Foreign affairs minister Nanaia Mahuta has told the world New Zealand strongly condemns Russia's invasion of Ukraine, saying it is the "act of a bully" and "must stop".
Mahuta, in her speech to the United Nations Human RIghts Council, said the Russian Government had repeatedly ignored opportunities for diplomacy, negotiation and de-escalation and had instead chosen aggression.
"This is a clear act of aggression; a blatant breach of Ukraine's sovereignty and territorial integrity; and a violation of international law and the UN Charter by a Permanent Member of the Security Council," she said.
"We are witnessing the blatant act of a bully, brutally using its unbridled power to achieve goals at odds with international law. Sadly, women and children are already the innocent victims of this illegal aggression - this cannot be tolerated."
She warned Russia's actions would have far-reaching and serious humanitarian, security and economic implications for Ukraine, Russia, Europe, as well as the rest of the world.
Mahuta repeated New Zealand's calls for Russia to act consistently with its international obligations, cease military operations in Ukraine, permanently withdraw its troops, take all possible steps to protect civilians in line with international humanitarian law, and return to diplomatic negotiations as a pathway to resolve this conflict.
"We must not let diplomacy fail, we must persevere in the pursuit of an outcome that prevents further suffering. War, Mr President, must stop!"
Increasing reports of destruction
Lana Burns, a Ukranian living in New Zealand, said the attacks on her home country were scary and devestating.
She said her family couldn't do much when the bomb strikes happened. "They are basically just hiding in their bathrooms... they are there because it's probably the strongest part of the apartment block."

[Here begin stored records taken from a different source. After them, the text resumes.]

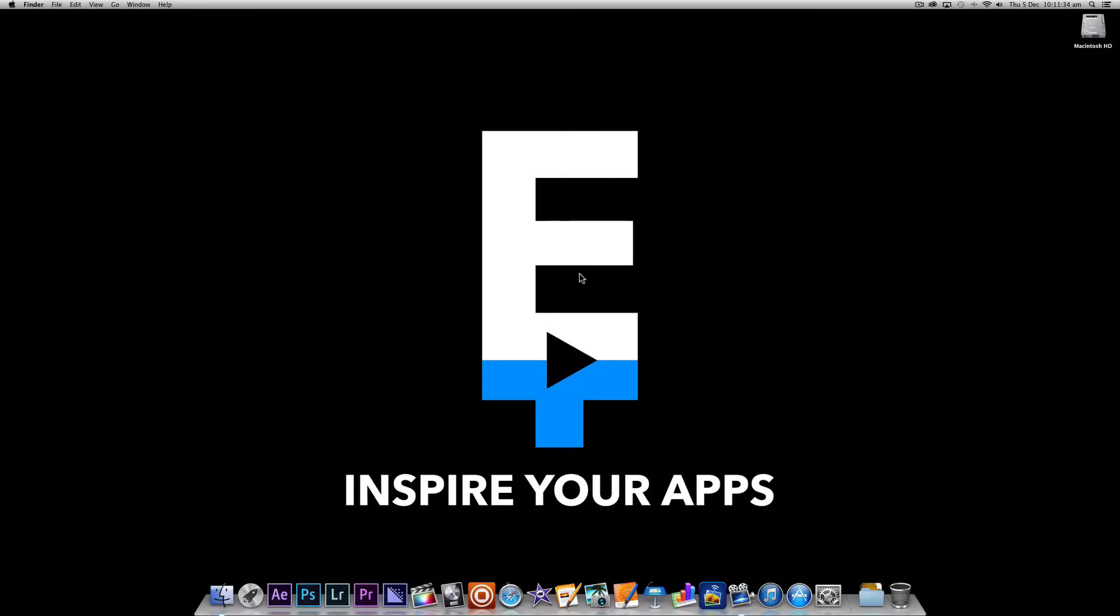In this tutorial we are going to cover Logic Pro X's interface and learn how it's laid out and what each area does. In-depth familiarity with Logic's interface will mean increased productivity when recording, composing and arranging and make following later tutorials much easier.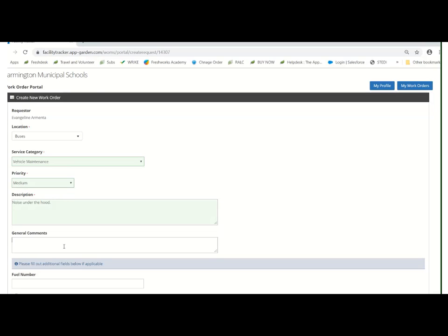After that, you have an opportunity to put any general comments in. The more information you give, the better. That way, it's less having to backtrack and ask you questions about what's going on.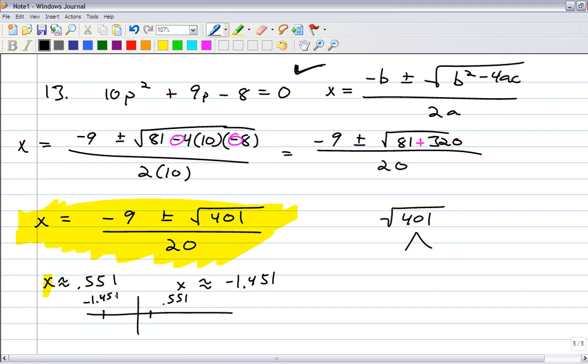This quadratic opens up, and we're not asked to find the vertex — we certainly could with negative b over 2a. But you have to know what the quadratic formula is doing for you: it's finding roots, it's finding zeros. If those roots are real numbers, it's also finding you the x-intercepts.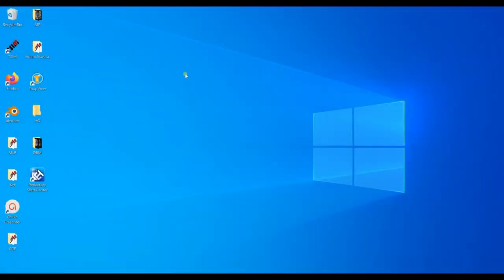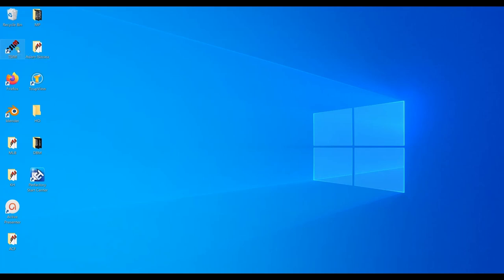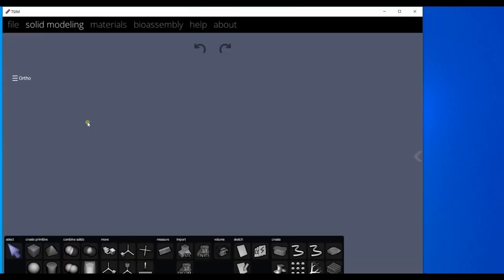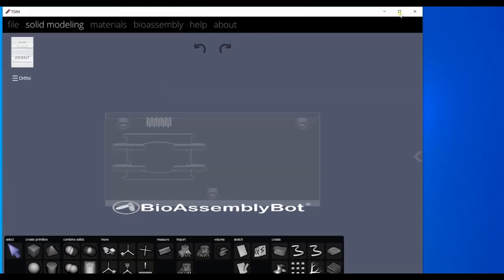We can use the TSIM software to design 3D models, design new material printing parameters, and send print jobs to bioassembly bot printer. To be able to send print jobs to the printer, the computer running TSIM software must be connected to the bioassembly bot using an ethernet cable. Double click to launch the application. TSIM stands for tissue structure information modeling.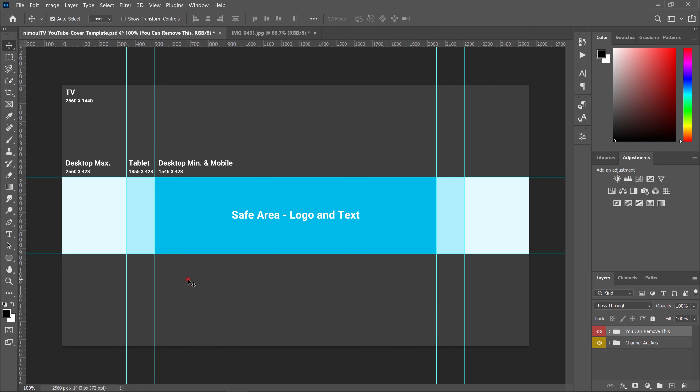There's good news for you guys — below in the description I've included a 100% free YouTube channel cover template in PSD format for Photoshop. Just download it, open it, and once I start creating my cover you can use the same template and follow the steps with me so you can create your own cover together.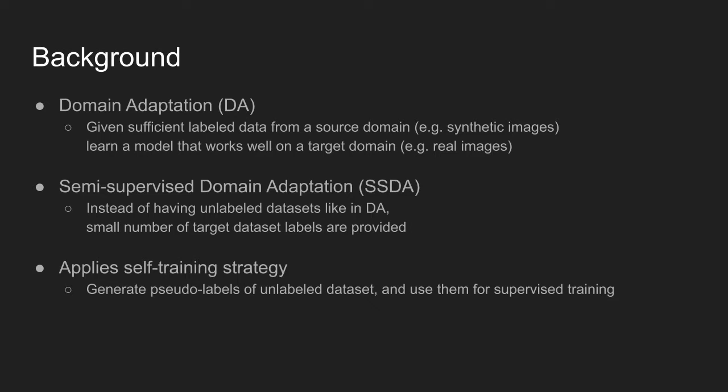On the other hand, under semi-supervised learning setting, an objective is similar to domain adaptation task, but small set of labeled target dataset is provided together with much larger unlabeled target dataset.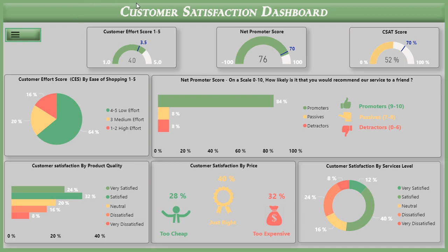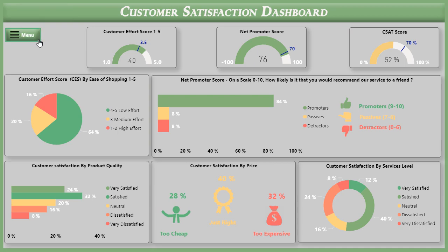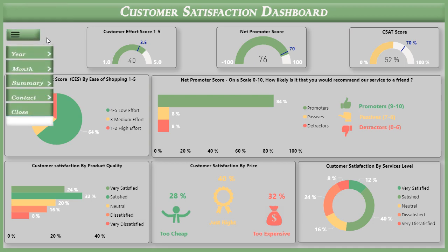Today I'm going to give you a brief overview of the customer satisfaction dashboard. Simply hover the mouse over the button and it will display the menu with an animation. Click on the menu button and it will display: year, month, summary, contact, and close.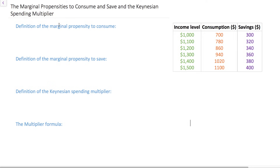In this video we're going to be talking about the simple spending multiplier formula. To understand what the multiplier is and how it helps us analyze macroeconomic decisions, we must first start with some concepts known as the marginal propensities to consume and save. We'll define these terms and then talk about how the Keynesian spending multiplier can be used to estimate the impact of any change in spending on the economy's total GDP.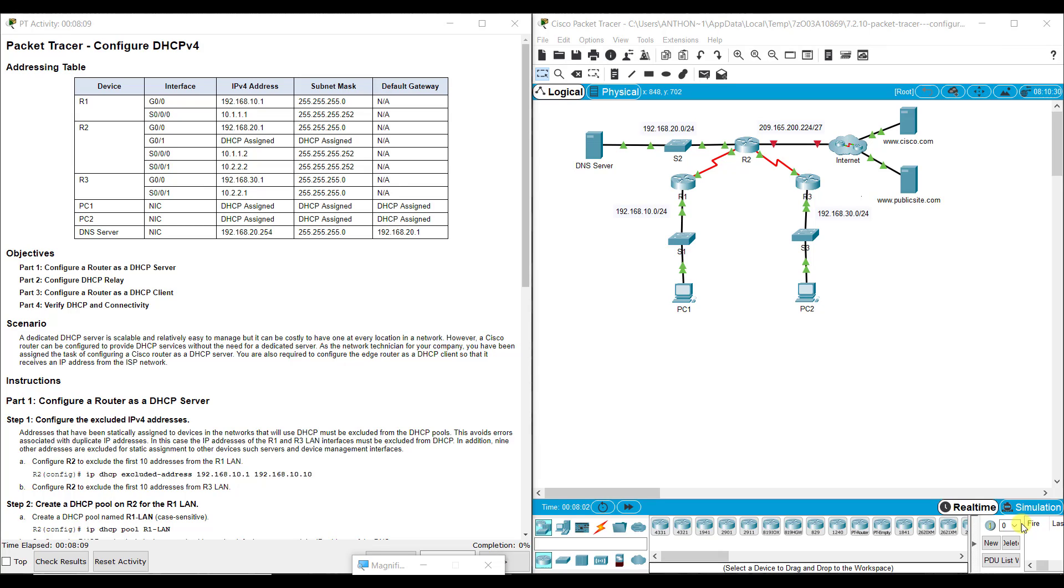Hi everyone. This video walks through completing Packet Tracer Assignment 7.2.10, Configuring DHCP Version 4. This Packet Tracer Assignment is part of the Switching, Routing, and Wireless Essentials Version 7, Cisco Networking Academy curriculum.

They were sheltering in apartments with both their lights and phones off and were just praying.
One of her cousins hadn't been in touch with her family for 24 hours, she told RNZ. "It's scary. We didn't know where she was and she has a little baby."
She said some people were hiding in the forest in the middle of winter with no food or electricity. "It's devastating."
Russian soldiers dressed as civilians were also targeting apartment blocks. "They put crosses with luminous paint that glows in the dark so they can see where that target is."
Burns said she felt absolutely powerless, but was doing everything she could. She was working with the New Zealand Government trying to get immediate entrance for her family and pushing for extra sanctions for Russia.
UNICEF spokesman James Elder, in Ukraine, says he could not remember a more gut-wrenching day yesterday - seeing the "endless forced farewells".
Speaking to TVNZ's Breakfast show from Lviv, he said he had seen dads getting down on their hands and knees trying to explain to their young sons and daughters why they had to leave and he has to stay behind.
"I've seen things escalate terribly," he said.
Over the last few days, he had heard of increasing reports of schools hit, hospitals affected and children killed.
"This is what happens - children die in these things.
"The world does not need another country like Ukraine where children get used to - 'oh, air-raid siren, quick jump out of my bed and run to my bunker."
Elder said he had started to see hundreds of thousands of people trying to leave the country as a result of the Russian invasion.
"It's a proper crisis," he said of the situation and scenes of thousands of people waiting to catch trains out to safety.
Asked what people can do back in New Zealand, Elder encouraged Kiwis to donate what they can to help the people of Ukraine affected by the attack.
"Any New Zealand dollars go a long way."